Activity of immobilized catalytic compounds in the oxidation of 1-octene with molecular oxygen

Abstract

Communications [1–3] have described the results of the studies of catalytic activity of a number of rhodium, palladium, iridium, and ruthenium complex compounds in the reaction of liquid-phase oxidation of 1-octene with molecular oxygen. In this communication we present the data on the catalytic properties of some of these metal complexes in an immobilized form. The principle of immobilization of metal complexes is based on the known ability of the transition metals (M) cyanides to act as metal-containing ligands coordinating to other transition metals (M') through the nitrogen atom of the cyanide groups to form M–CN– M' bridges [4–9]. The catalysts studied in this work were prepared by fixing a metal on the surface of the carrier (alumina), on which Ni(II) cyanide was preliminary applied.
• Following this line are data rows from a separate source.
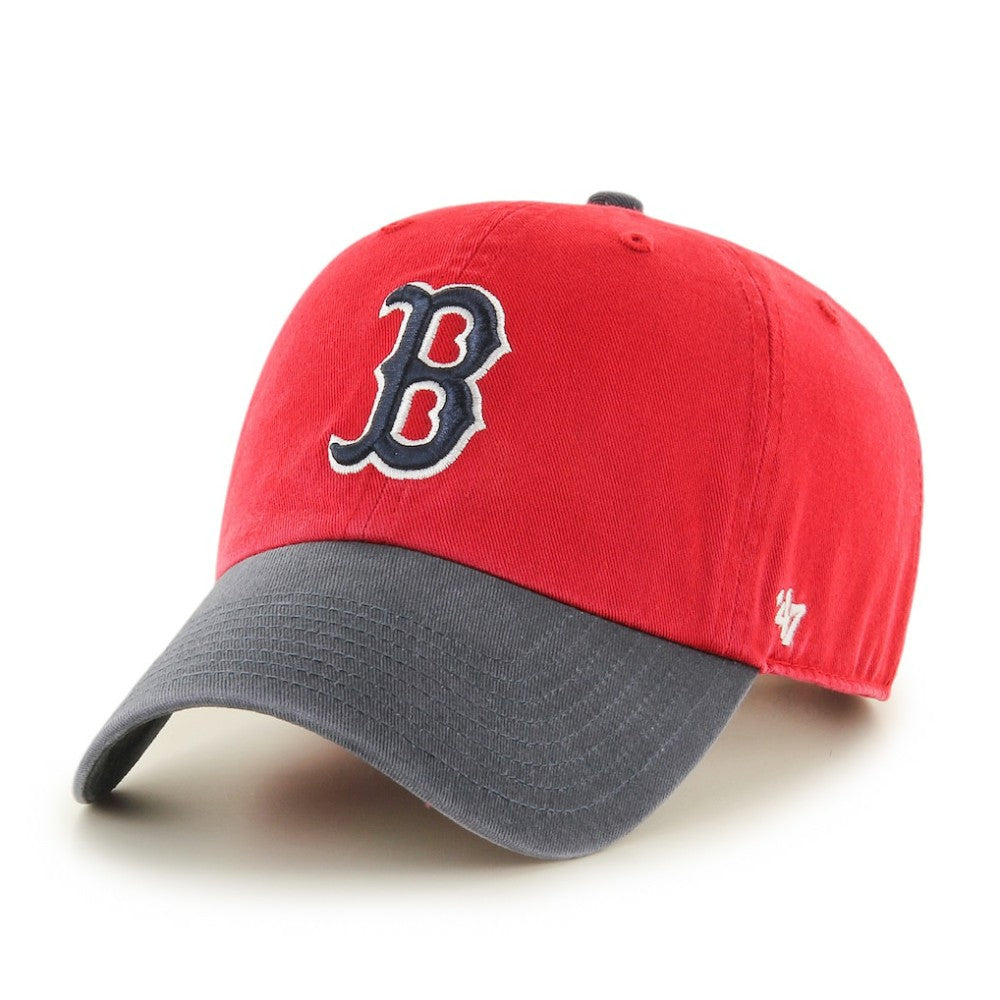 Boston Red Sox '47 Clean Up Adjustable Hat | MLB On Sale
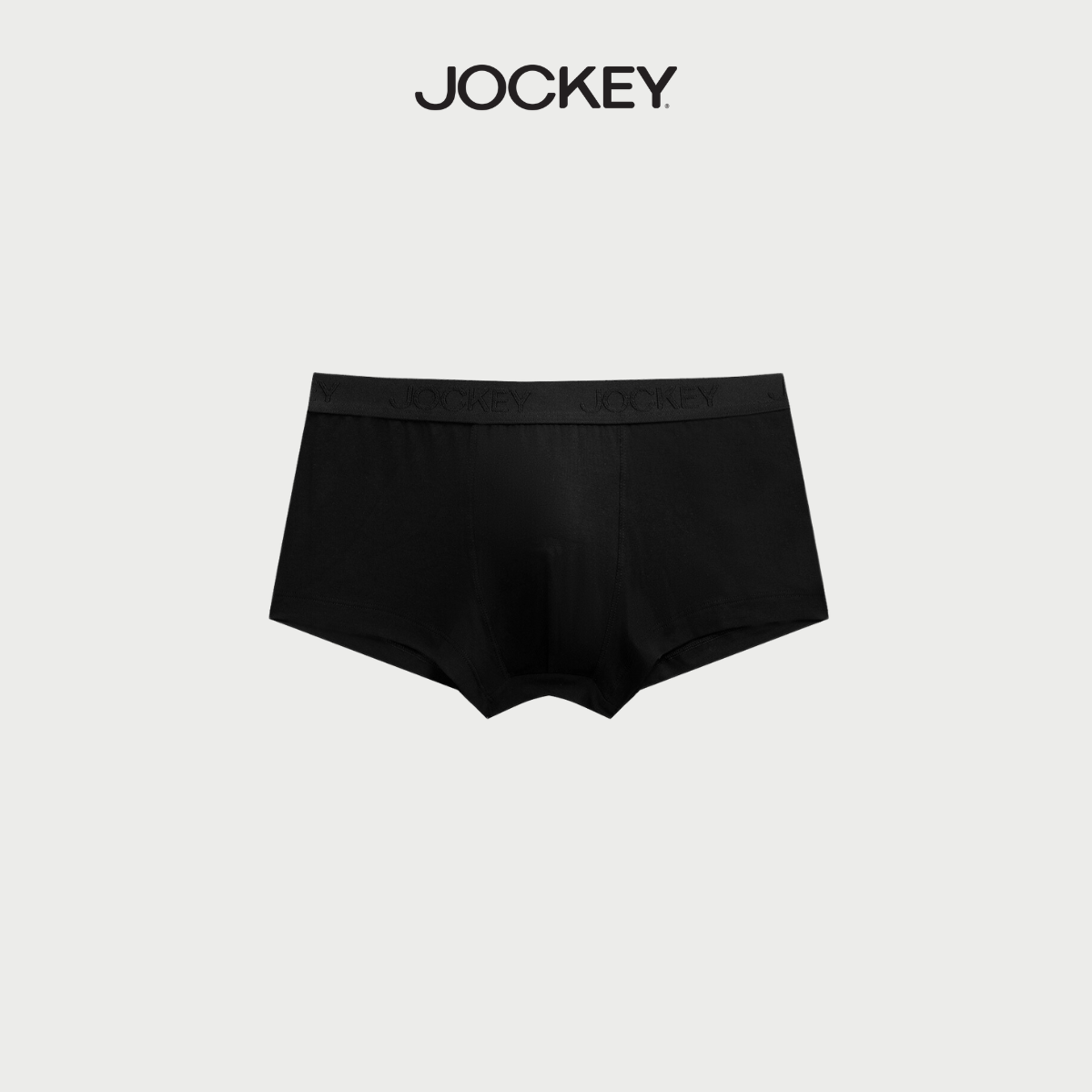 Quần Lót Nam Thun Cotton 4C Jockey Dáng Trunk Co Giãn Thoải Mái - J1247 - Life
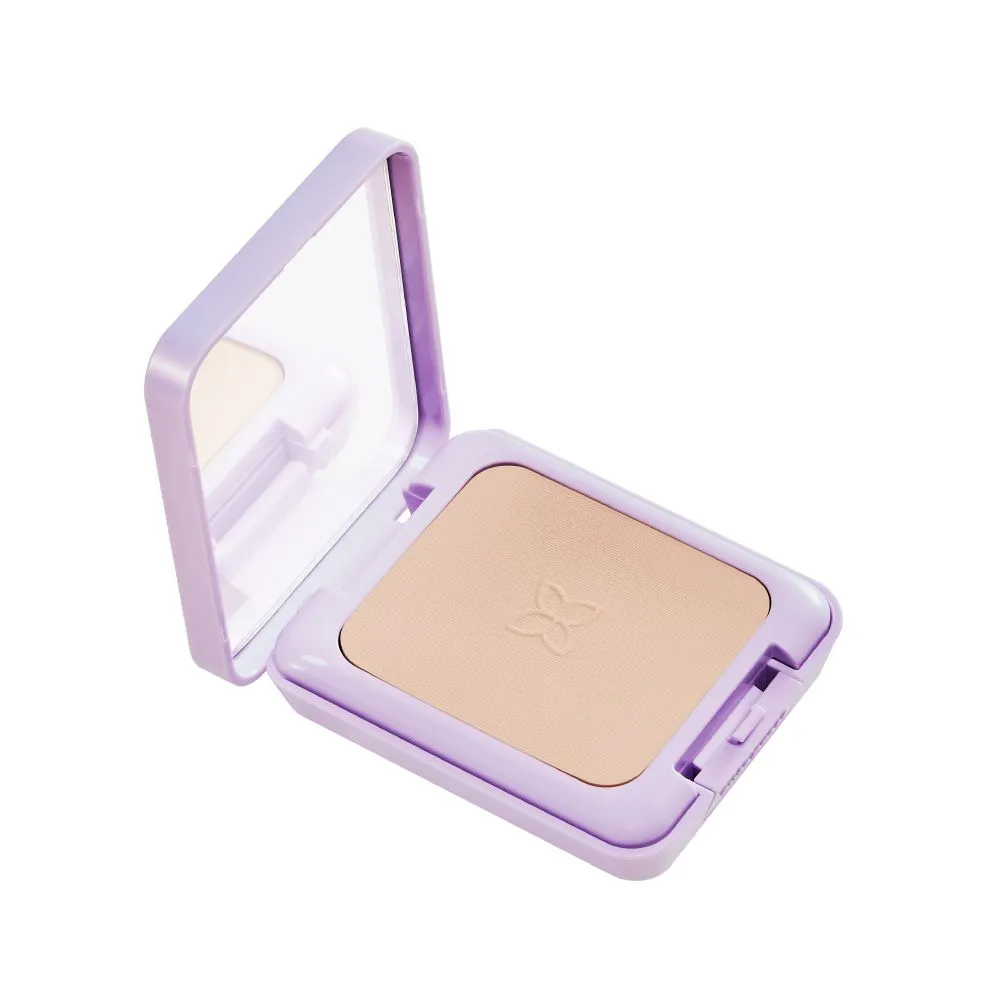 Cute Press Evory Retouch Oil Control Foundation Powder SPF 30 PA    12G N1 (Thai)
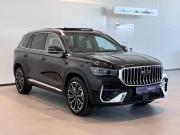 Geely Monjaro I Рестайлинг 2 Волгоград  - изображение 41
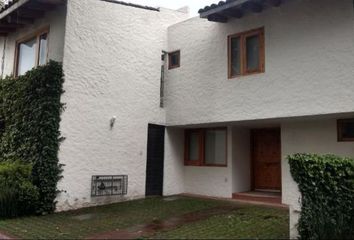 Casa en fraccionamiento en  Av. José María Castorena 590, San José De Los Cedros, 05200 Ciudad De México, Cdmx, México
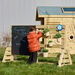Freestanding Sensory Exploration Panels  hi\-res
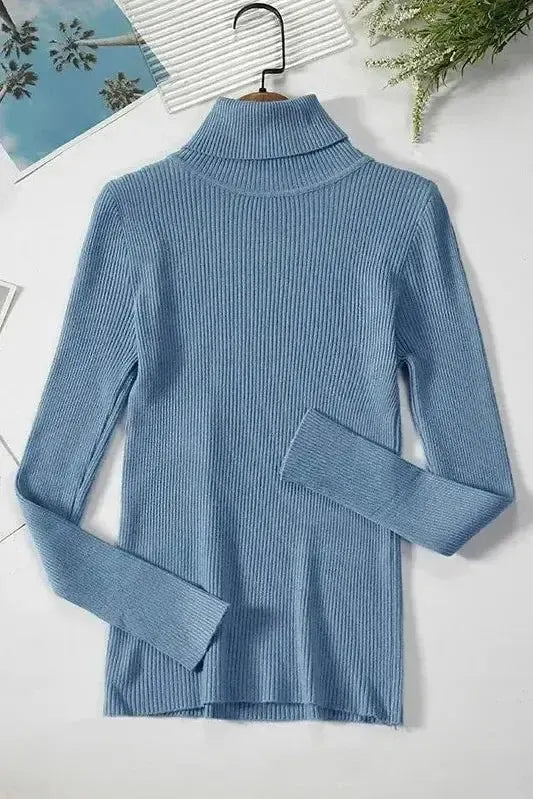 Kirstine | Suéter de Cachemira de Lujo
Thus, the data presented here characterize the catalytic activity of immobilized bimetallic compositions Ni–CN–M'Ln, where Ln is a set of the ligands forming the coordination sphere of the transition metal M'. As a quantitative characteristic of the catalytic activity of the compositions we used, as in [1, 2], the initial rate of oxidation of 1-octene (W0) determined from the curve of the rate of oxygen consumption extrapolated to zero time.